I'm wondering what the most successful dwarf cichlid is with amano shrimp; successful being defined as "doesn't eat the amanos". I really want 1-2 of them in my tank but I'm getting amanos in soon too. I know people will have different experiences, so feel free to post yours here. Some species I'm looking at are apistogramma cacatuoides, GBRs, and other apistos.


----------



## koiboi (Sep 4, 2011)

My GBR pair is bossy and definately the ruler of my 46 bowfront. They chase my rasbora school and all my corys around, and have particular disdain for a pair of black mollies I added as algae eaters.
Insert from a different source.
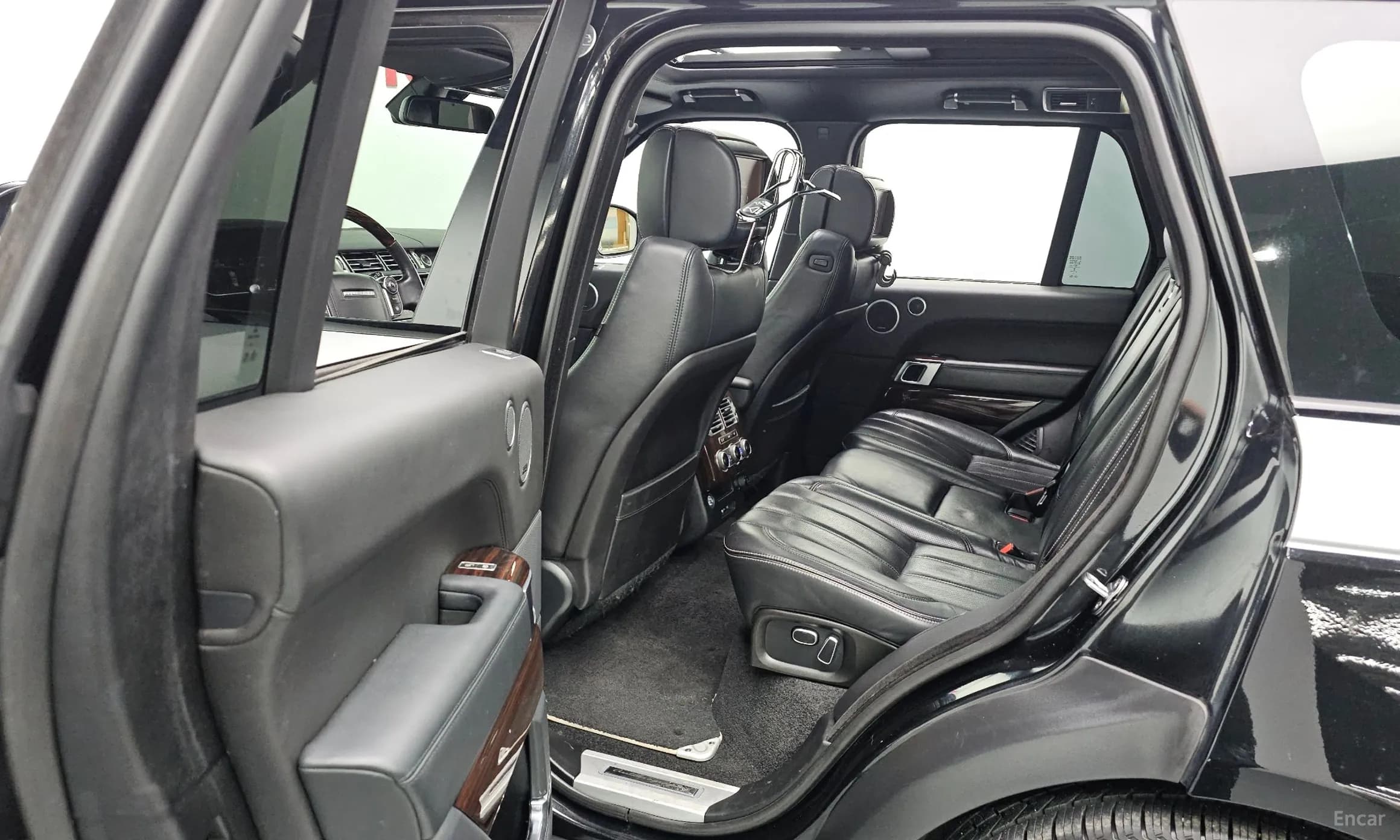 Range Rover 4th Generation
They seem to ignore the otos and the amanos, but then again the amanos were there first and they are at least as big or bigger than the GBR's. The tank is pretty heavily planted.


----------



## akpoly (Aug 23, 2011)

How about some rams? They are a bit more shrimp friendly.


----------



## StygianSteel (Apr 2, 2010)

My Bolivian Ram never bothered Amanos


----------



## Msoar16 (Aug 2, 2011)

My rams and apistogramma dont touch my amano


----------



## Jadenlea (Sep 15, 2011)

Another vote for Rams. My german blue ram is huge and completely ignores my Amanos.  I have 2 balloon Rams who also ignore the shrimp.. as a matter of fact, all my fish completely ignore my Amano shrimp including my Male beta. 
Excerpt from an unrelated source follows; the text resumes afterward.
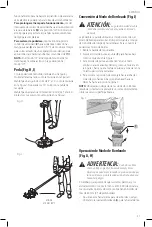 Preview for 39 page of Craftsman CMCST900 Instruction Manual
And the Amanos are not hiding either. They are super active in the tank. Especially at feeding time they dart and swim all over the tank. 

I have to say that I think having a fairly heavily planted tanks with lots of nooks and crannies and caves and territories helps.


----------



## Joe.1 (Nov 23, 2009)

You will be fine. The apistos will go up to them a few times, then wont even bother them anymore


----------



## dinosaurodon (Jun 1, 2011)

My GBR doesn't touch the RCS in her tank so I doubt she will touch Amanos, but then again you cant apply her behavior to all GBRs


----------



## Jadenlea (Sep 15, 2011)

I was just taking pics of my shrimp for another string and grabbed this one by coincidence.. This is tonight.. my GBR sharing a slice of cuke with the shrimp.


----------